Your task: From the entries below, return every line that includes the word "Foto".

*** Provided data ***

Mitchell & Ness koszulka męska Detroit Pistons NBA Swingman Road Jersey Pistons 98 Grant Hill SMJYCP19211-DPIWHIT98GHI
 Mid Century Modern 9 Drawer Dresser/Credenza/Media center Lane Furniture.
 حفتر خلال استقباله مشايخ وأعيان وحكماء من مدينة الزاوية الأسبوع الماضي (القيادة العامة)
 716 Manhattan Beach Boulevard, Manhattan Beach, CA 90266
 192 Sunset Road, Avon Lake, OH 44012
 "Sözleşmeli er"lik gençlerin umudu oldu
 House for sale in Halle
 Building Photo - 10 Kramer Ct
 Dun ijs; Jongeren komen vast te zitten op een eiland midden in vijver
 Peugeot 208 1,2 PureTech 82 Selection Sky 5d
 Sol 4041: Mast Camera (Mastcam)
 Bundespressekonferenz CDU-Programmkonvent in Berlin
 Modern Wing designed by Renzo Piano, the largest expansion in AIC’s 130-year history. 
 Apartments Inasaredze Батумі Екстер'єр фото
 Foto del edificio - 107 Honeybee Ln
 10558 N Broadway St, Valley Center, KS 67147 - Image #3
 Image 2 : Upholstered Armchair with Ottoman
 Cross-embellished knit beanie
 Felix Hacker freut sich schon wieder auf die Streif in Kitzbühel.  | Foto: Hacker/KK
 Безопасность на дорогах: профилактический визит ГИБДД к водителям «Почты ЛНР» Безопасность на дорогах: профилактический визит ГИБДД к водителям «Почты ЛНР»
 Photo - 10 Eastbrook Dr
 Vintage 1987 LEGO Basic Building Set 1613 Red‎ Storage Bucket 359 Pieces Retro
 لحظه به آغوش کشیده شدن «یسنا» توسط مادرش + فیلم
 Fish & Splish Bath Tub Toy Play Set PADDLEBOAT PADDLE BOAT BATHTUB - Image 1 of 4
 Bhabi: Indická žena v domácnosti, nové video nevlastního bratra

*** End of Provided data ***

Exercise answer:
 Foto del edificio - 107 Honeybee Ln
 Felix Hacker freut sich schon wieder auf die Streif in Kitzbühel.  | Foto: Hacker/KK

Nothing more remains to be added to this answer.